_INSTRUCTIONS TO FOLLOW_
Your task is to retype, exactly and only, the lines from the one containing "Building Photo - 808 S Terrace St" to the final line of the entries, leaving out all pictures.

Web page caption snippets:
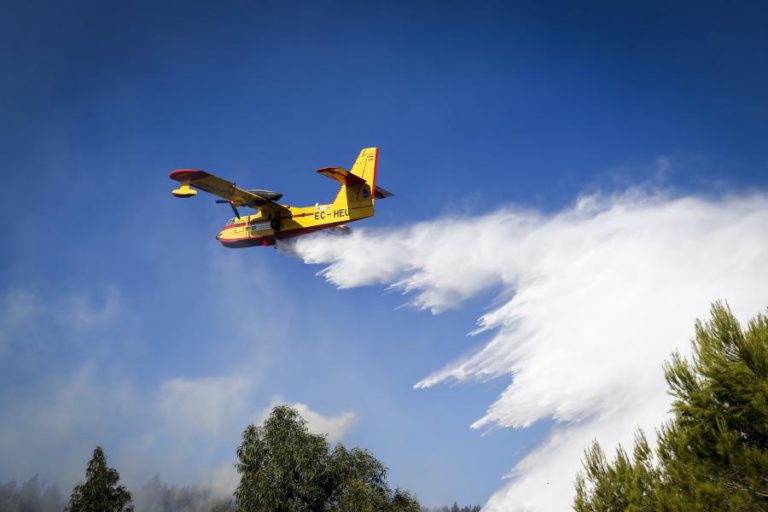 FOGO EM ZONA DE DÍFICIL ACESSO EM CASTRO DAIRE MOBILIZA DOIS MEIOS AÉREOS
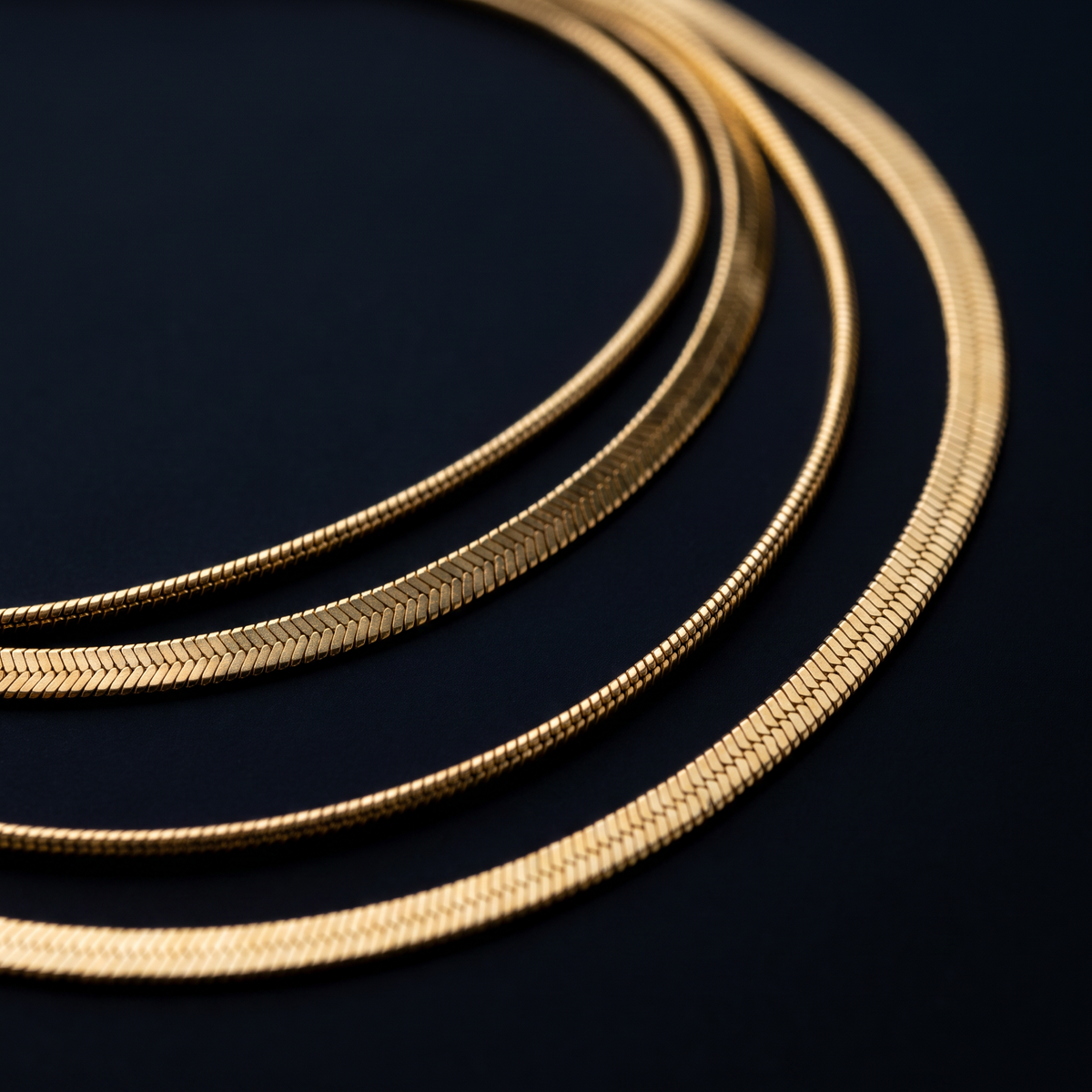 Collier serpent en multirang, motif en gros plan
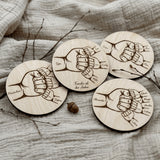 Vatertagsgeschenk Papa & Kids aus Holz | Hand in Hand - LaserArt Germany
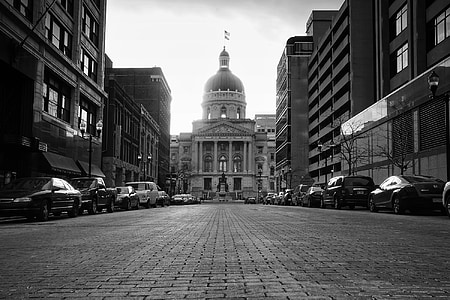 grayscale photo of concrete building thumbnail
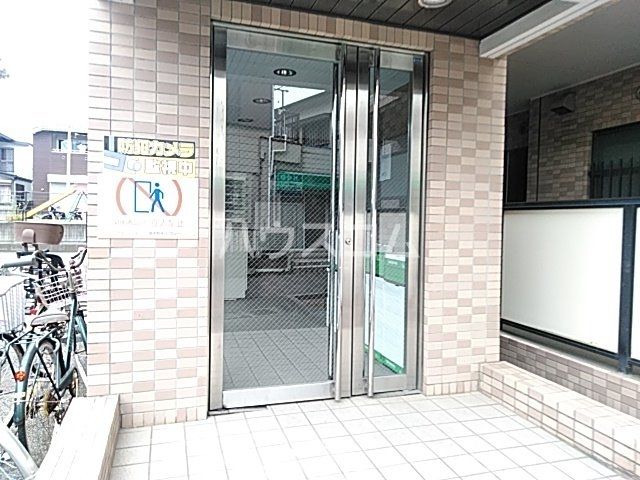 【千葉市稲毛区轟町のマンションのエントランス】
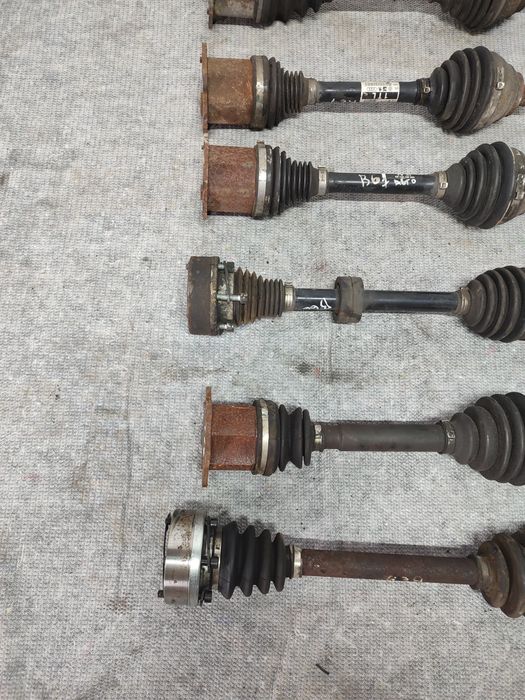 Полоось ліва Пассат Б6 Фольксваген Пассат Б7  Полоось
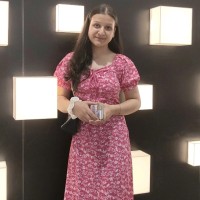 Yogita Thakur Email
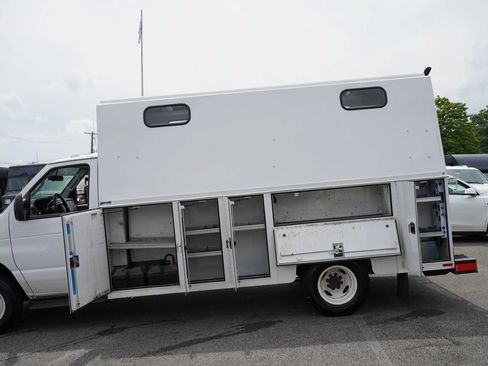 Used 2018 Ford E-450 and Econoline 450 Super Duty RWD image 20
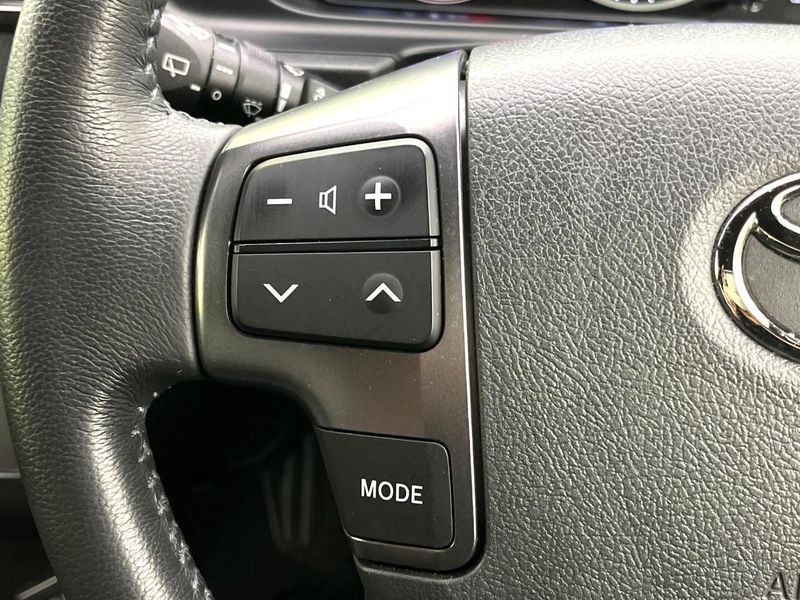 2022 Toyota Hiace Van 3DF-GDH201V (UW-6a71577207236)[17]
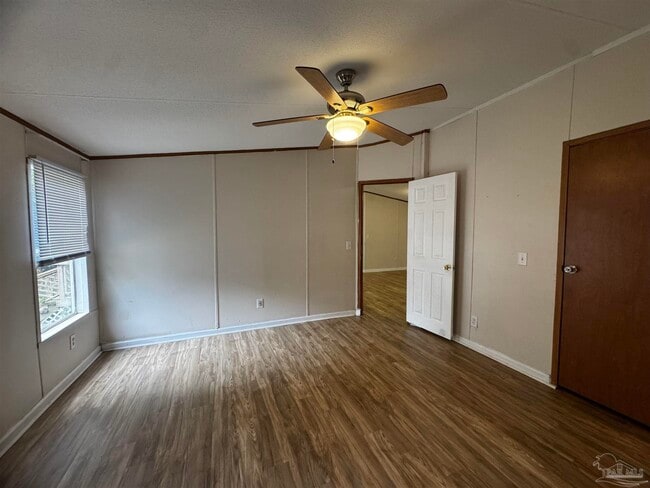 Building Photo - 4409 Gatewood Ln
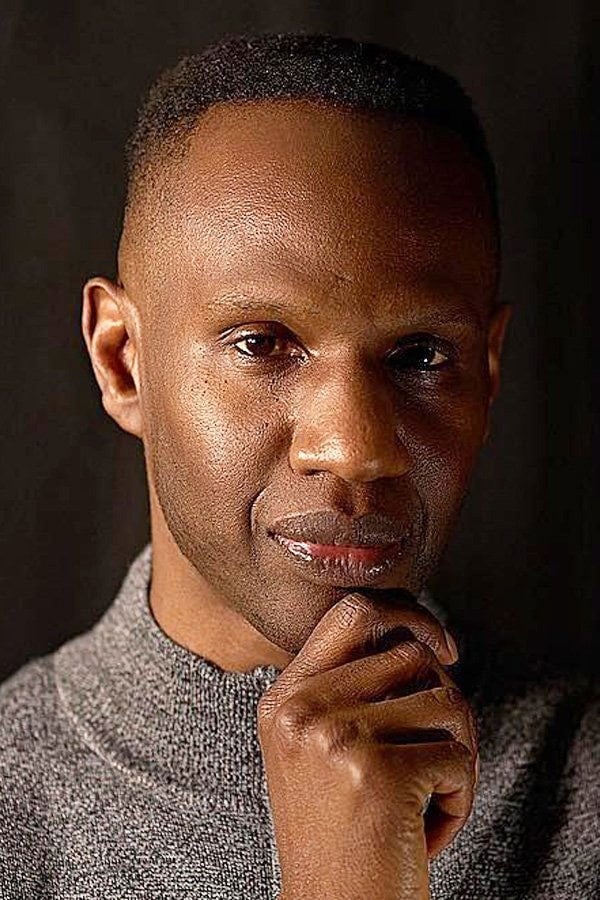 Foto de Falconer Abraham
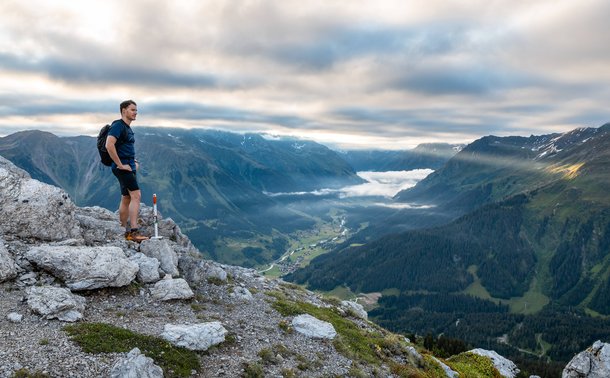 Web-App #Aussichtsmeister mit den 100 schönsten Wandergipfeln in Davos Klosters.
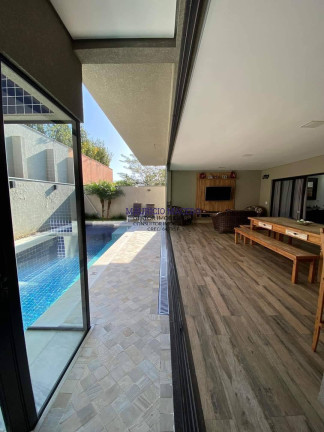 Imagem Casa com 5 Quartos à Venda, 450 m² em Alphaville - Santana De Parnaíba Imagem Casa com 5 Quartos à Venda, 450 m² em Alphaville - Santana De Parnaíba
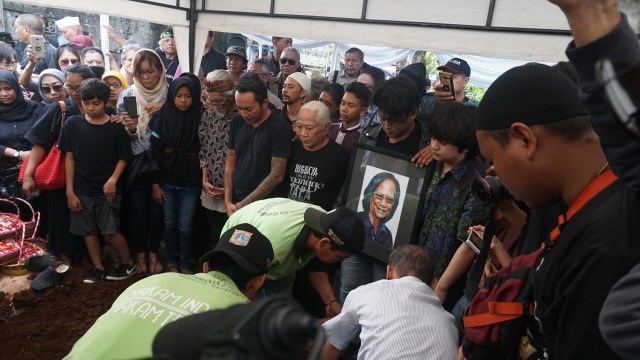 Prosesi pemakaman Yon Koeswoyo di TPU Tanah Kusir (Foto: Intan Alfitry/kumparan)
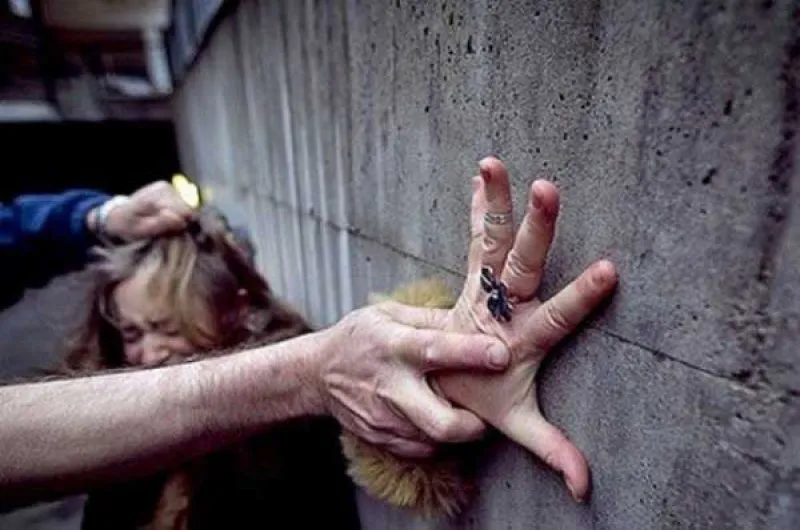 Giải mã bí mật nỗi đau đông cứng ở nạn nhân bị xâm hại - Ảnh 2.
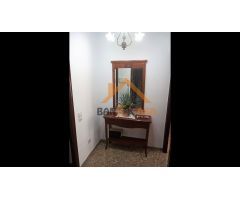 SE VENDE PISO EN BERJA CERCA DEL AYUNTAMIENTO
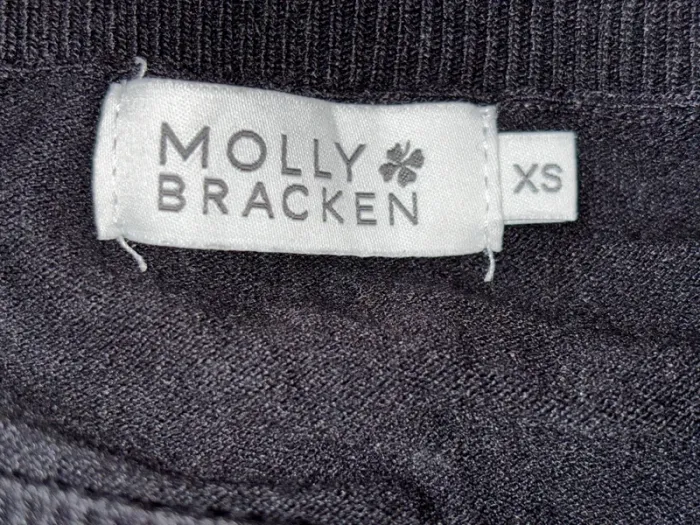 Pull léger Molly Bracken, pull noir manches transparentes, pull femme taille XS, S et M - photo numéro 2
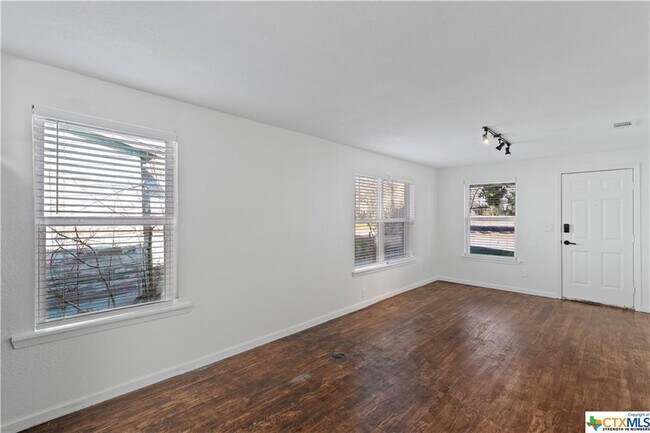 Building Photo - 808 S Terrace St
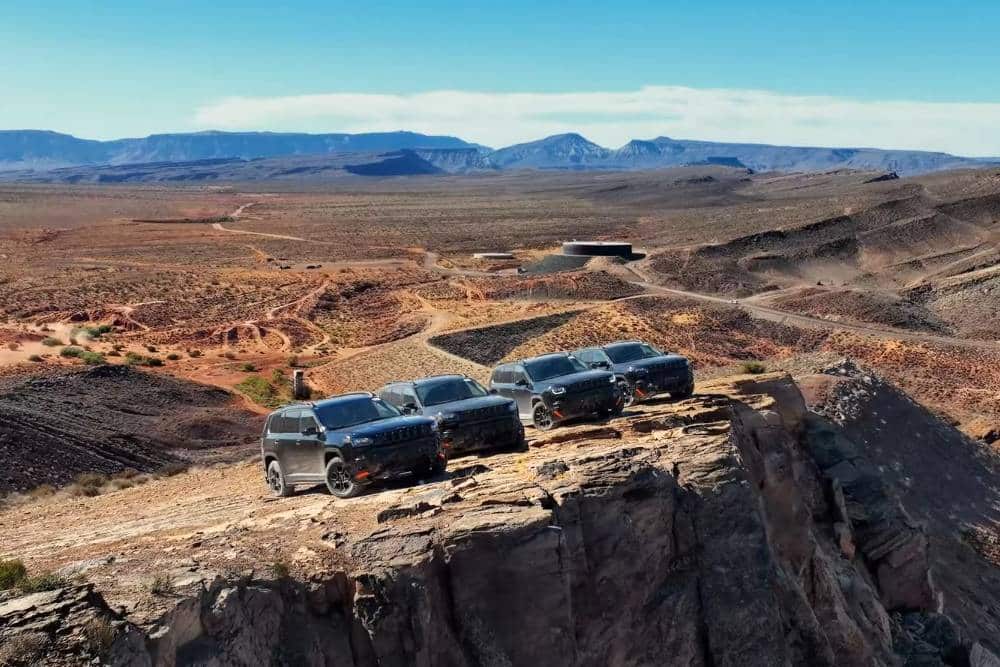 https://cdn.autogreeknews.gr/wp-content/uploads/2026/08/2027-jeep-cherokee-trailhawk-05.jpg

_RESPONSE AREA_
 Building Photo - 808 S Terrace St
 https://cdn.autogreeknews.gr/wp-content/uploads/2026/08/2027-jeep-cherokee-trailhawk-05.jpg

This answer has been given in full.